Measure for your Farmhouse Sink

 

If you’re thinking about installing a farmhouse apron sink, you’re going to have to take a few measurements. Let’s go through the basics you’ll have to do to choose and install an apron sink in your kitchen.

 

Taking the First Measurements

You don’t have to have a ton of counter space to install a farmhouse apron sink, as they are made in a range of sizes. If you’re not doing a massive remodeling job, including a new counter, drawers, and cabinets, you’re going to have to make sure that the sink will fit, not only into the counter, but also that it will be shallow enough to allow space for the cabinet doors under it to open and close freely.

 

Measure the Length

Take a measuring tape and measure from the back of the counter, against the wall, to the edge closest to you. This will be the longest that the sink can be and still fit properly. Remember, though it’s okay for a farmhouse apron sink to jut out a little bit from the front face of the counter, if it’s too big, it won’t line up with your pipes, and it won’t work.

 

Measure the Width

Now that you have the length measurement for the sink, it’s time to measure the width. You might think that the sink can be as wide as you like. After all, look at all of that wide open counter space. If you’re thinking this, you’ve forgotten something: the drawers to either side of your sink.

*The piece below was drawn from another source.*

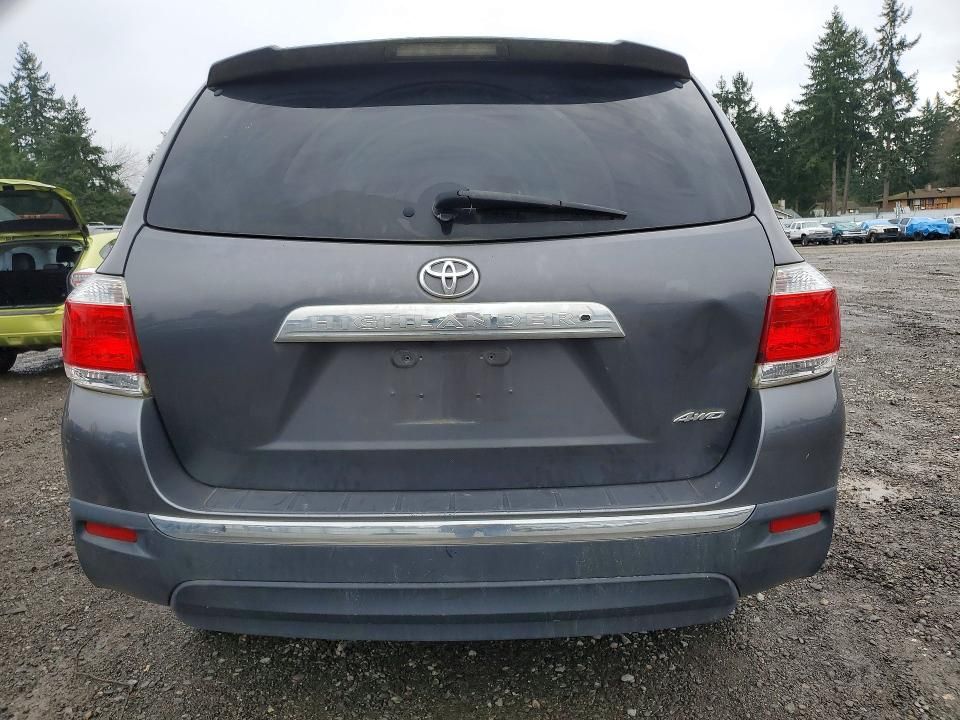 2012 Toyota Highlander se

Place the tip of your tape measure against the outside right edge of the drawer to the left of your sink and measure to the nearest (left) edge of the drawer to the right of your sink. Subtract two inches from this measurement.

This will give you a buffer between the drawers and the new sink. It would be both impractical and unattractive if your new sink butted right up against the drawers next to it. Leaving an inch of space on either side is enough to look aesthetically appealing. This will be the widest your sink can be.

 

Measure the Depth

As a warning, this is the point at which you may have to make a decision about your cabinet doors. Measure from the top of the counter top to the top of the cabinet beneath it. Subtract one to two inches from this measurement, depending on how much buffer space you want to leave, and this will be as deep as your sink can be.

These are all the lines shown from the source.